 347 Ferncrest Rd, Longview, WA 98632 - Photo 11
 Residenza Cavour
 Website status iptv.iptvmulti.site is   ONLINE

→ **Task to carry out**: Output only the lines running from the line with "Residenza Cavour" through the final line of the data, inclusive.

→ **Response below**:
 Residenza Cavour
 Website status iptv.iptvmulti.site is   ONLINE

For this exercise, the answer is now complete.